O carro pendia para a direita, mas sabia o motivo. Presumi que o mecânico tinha mais de cem quilos. Seu rosto lembrava minha querida vó Dadinha.

Quando olhei o mecânico, voltei no tempo e pareceu-me que o conhecia. Lembrei do mercado público do Estreito, aonde às quartas-feiras ia para a fila do Fato. Será que o conhecia da fila da buchada?... Não, não era... Talvez fosse do campinho, o campo da Líbia; porque diabos tinha este nome eu não sei, vou perguntar pro meu primo Roberto.

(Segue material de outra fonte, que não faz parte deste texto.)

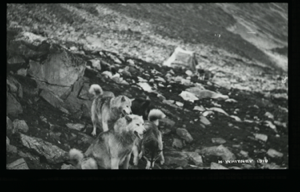 Image of Tupik and dogs on talus slope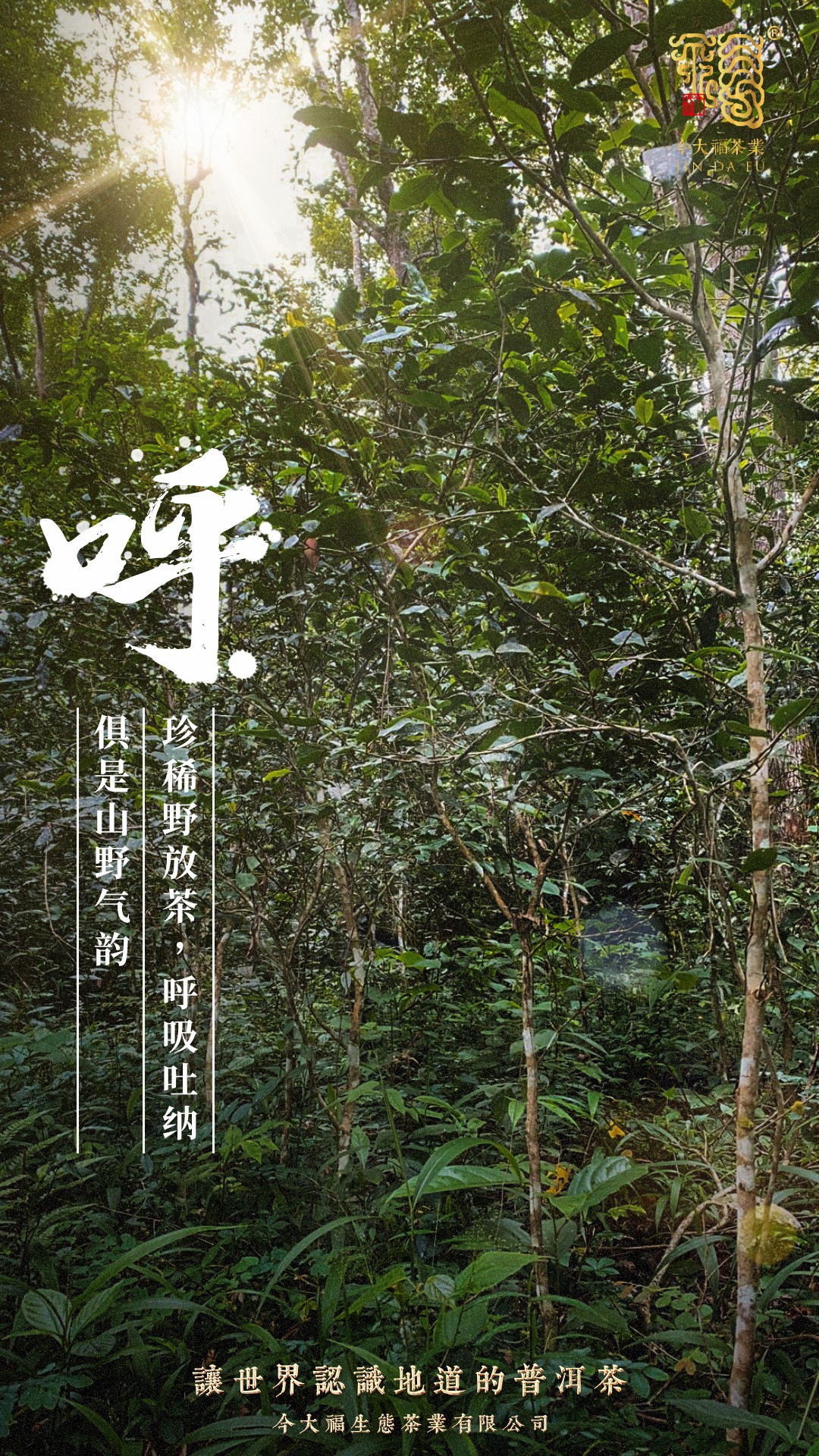 今大福2020年風華青餅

Donde conheço esse “negão”? A pergunta não saia da minha cabeça.

-“O dotô, é melhor a gente voltá!”

O carro não engasgava, não tossia, estava “gozando de plena saúde”.

Com cara de guri que mijava na cama, voltei pra oficina. Quinze minutos de silêncio e ainda pensava com meus botões:

-Eu conheço esse negão!

Saio da oficina inteiramente deslocado. Via o “Chaves” na TV, cochilei e sonhei comigo mesmo.

Agora percorria a minha rua enlamaçada, com um patinete de madeira. A cada impulso que fazia com a perna, jogava lama em cima de mim. Vi um garoto se aproximando com uma lata escura na mão. Acordei! Eureka! Descobri, já sei quem é o mecânico!

É o Biringa. Neguinho franzino, remela no nariz, vendedor de amendoim torrado. Não se enturmava. Filho de dona Maria benzedeira, pobre de dar dó. Ela não saia de uma cadeira, pois tinha elefantíase e seu pai ficara paralítico após a queda de um andaime. Biringa era o arrimo da família. A toda hora só se via ele subindo e descendo o morro do seu Bezerra com uma latinha preta na mão. Uma mistura de saudade e compaixão tomou conta de mim. Lembrei-me do seu sofrimento quando fora preso, e de todo o drama de sua família.

No Balneário havia um clube chamado Tamandaré. No final da tarde, Biringa vendia amendoim torrado para os jogadores de baralho. Um dia, um deles surrupiou uns grãos da lata. Biringa reclamou e o beberrão deu-lhe uma porrada no nariz. Biringa abaixou-se para juntar os amendoins tentando salvá-los, senão nesse dia não teriam nada pra comer.

O sangue estragou todo o amendoim. D. Maria não benzia dentes quebrados. O máximo que pôde foi colocar um pano no nariz. Biringa, com os beiços duplamente inchados e uma dor violenta na boca, pois um dente cortara sua língua, passou por mim sem a lata e não deu nem tempo de eu perguntar o que acontecera.

Pela manhã, vi Sauvito, delegado de polícia, com seu ajudante, o soldado Jarbas, subindo o morro. Fui atrás. Em frente ao portão da casa de dona Maria, Biringa estava sentado em cima de um toco.

Não ouvi nada e tampouco foi dito qualquer coisa quando os dois desceram o morro com Biringa no meio.

Eu tinha nove anos e Biringa, mesmo não sabendo sua idade exata, era mais novo do que eu.

Na verdureira do Seu Luís, que ficava do lado da barbearia do Seu Mário, que me cortava o cabelo na marra, me deixando um topete horroroso, foi que ouvi o que tinha acontecido.

Biringa tinha voltado ao clube. Entrou sem fazer alarme, cuidadosamente se colocou atrás daquele que havia lhe agredido e, num único golpe certeiro, enterrou um canivete no coração do infeliz. Não soube eu o que aconteceu depois, mas um dia meu carro vai engasgar de novo e eu vou dar um abraço bem forte naquele negão!